Sample vs Population Statistics Explained

Key takeaways

• Population statistics describe a whole group. Sample statistics describe only part of the group.
• Use population formulas when you have all values. Use sample formulas when you only have some values and want to estimate the whole group.
• For spread, population standard deviation divides by N, while sample standard deviation divides by n − 1. This helps make the sample estimate fairer.

sample vs population statistics can feel confusing because the words and symbols look almost the same. But the idea is simple once you separate whole group from part of a group.

In this guide, you’ll learn the difference, see the formulas, and work through clear examples for homework, quiz review, or a statistics assignment. You’re not behind. You just need a clear method.

Quick answer

Population statistics are numbers that describe an entire group, such as all students in one class. Sample statistics are numbers from part of that group, such as 10 students chosen from the class. A parameter is a number that describes a population. A statistic is a number that describes a sample.

For center:

• Population mean: μ = Σx / N
• Sample mean: x̄ = Σx / n

For spread:

• Population variance: σ² = Σ(x − μ)² / N
• Sample variance: s² = Σ(x − x̄)² / (n − 1)
• Population standard deviation: σ = √σ²
• Sample standard deviation: s = √s²

Mini-rule:
Step 1: Ask, “Do I have the whole group?”
Step 2: If yes, use population symbols and formulas.
Step 3: If no, use sample symbols and formulas.

What is a population? What is a sample?

A population is the full group you care about.
Example: all 800 students in a school.

A sample is a smaller part taken from that group.
Example: 50 students surveyed from that school.

A parameter is a number from a population.
Examples: μ, σ, σ²

A statistic is a number from a sample.
Examples: x̄, s, s²

Simple way to remember it

• Population = whole
• Sample = part
• Parameter = describes whole
• Statistic = describes part

Sample vs population symbols

Population variance and standard deviation use the whole group. Sample variance and standard deviation use a smaller group and estimate the whole group from it.

Sample mean vs population mean

The mean (average value) tells you the center of the data.

Population mean

Use this when you have every value in the group.

Formula:
μ = Σx / N

• Σx means add all values
• N means number of values in the population

Sample mean

Use this when you only have some values.

Formula:
x̄ = Σx / n

• Σx means add all sample values
• n means number of sample values

Important idea

The sample mean is often used to estimate the population mean.

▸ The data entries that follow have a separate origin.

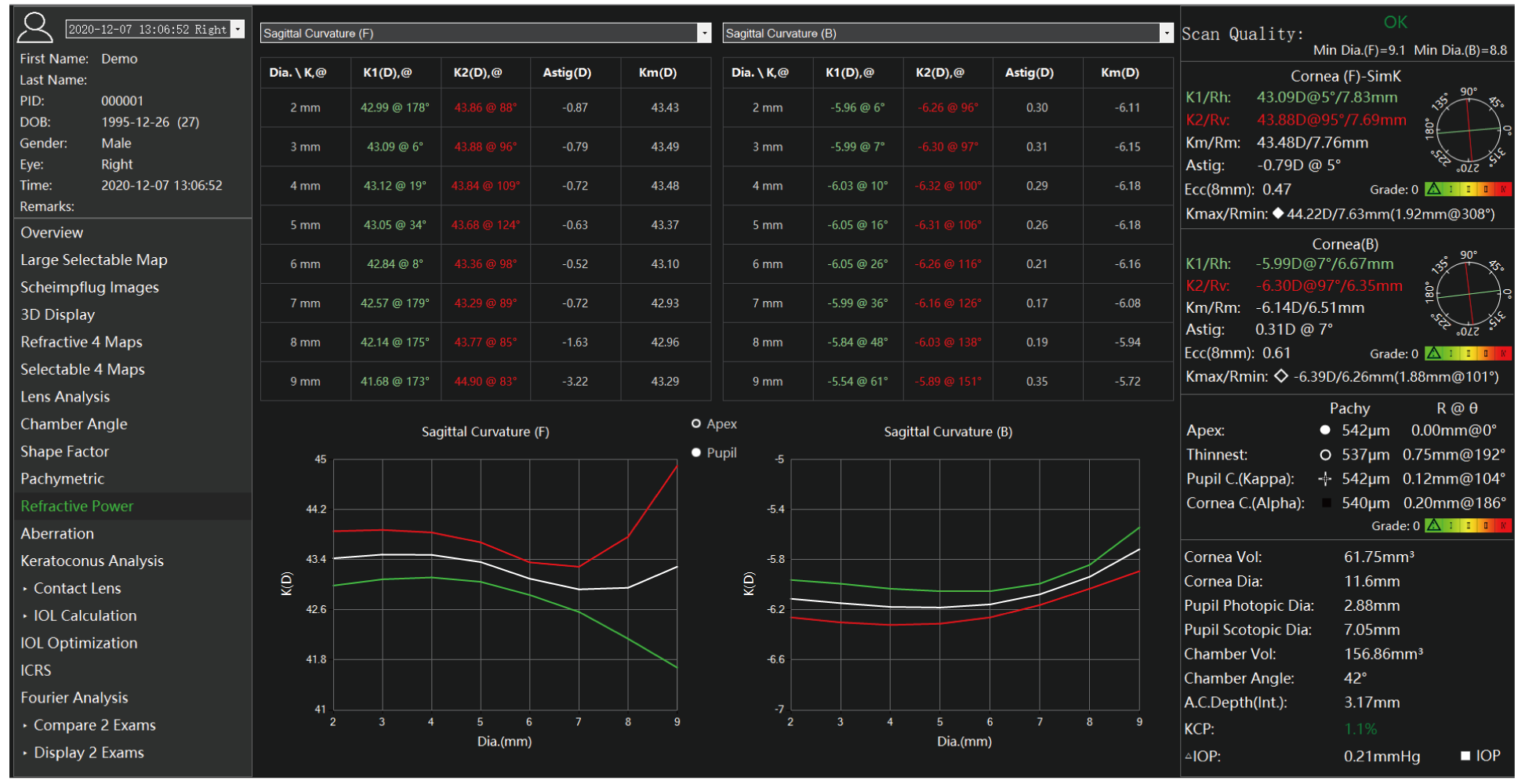 TA 517 Scansys Anterior Segment Analyzer 20230912-12.png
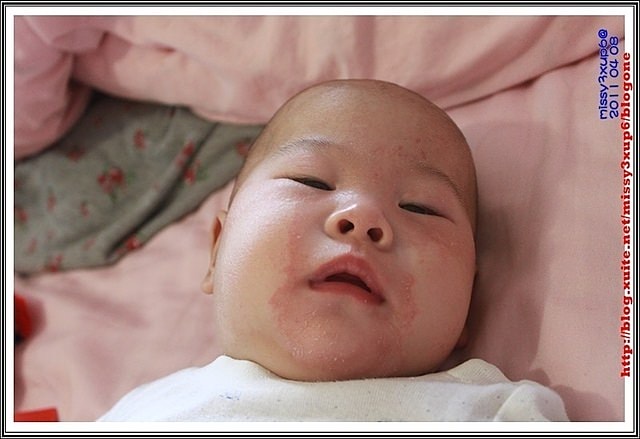 【愷愷】4m30d令人心疼，時好時壞的皮膚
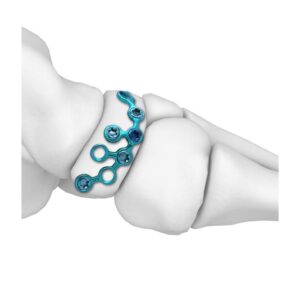 Placa De Bloqueo Navicular MT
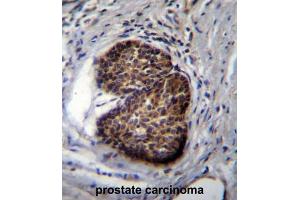 Immunohistochemistry (IHC) image for anti-Prostate Stem Cell Antigen (PSCA) antibody (ABIN2997805) (PSCA Antikörper)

It may be close, but it is not always exact because a sample is only part of the full group.

Sample vs population variance

Variance (average squared spread) tells how spread out the data is.

Population variance

$σ² = \sum\frac{(x − μ)² }{N}$

You subtract the population mean from each value, square the results, add them, then divide by N.

Sample variance

$s² = \sum\frac{(x − \bar{x})²}{ n − 1}$

You subtract the sample mean from each value, square the results, add them, then divide by n − 1.

Sample vs population standard deviation

Standard deviation (how spread out the data is) is the square root of the variance.

Population standard deviation

$\sigma = \sqrt{\frac{\sum (x - \mu)^2}{N}}$

Sample standard deviation

$s = \sqrt{\frac{\sum (x – \bar{x})^2}{n – 1}}$

Why do sample formulas use n − 1?

This is one of the biggest student questions.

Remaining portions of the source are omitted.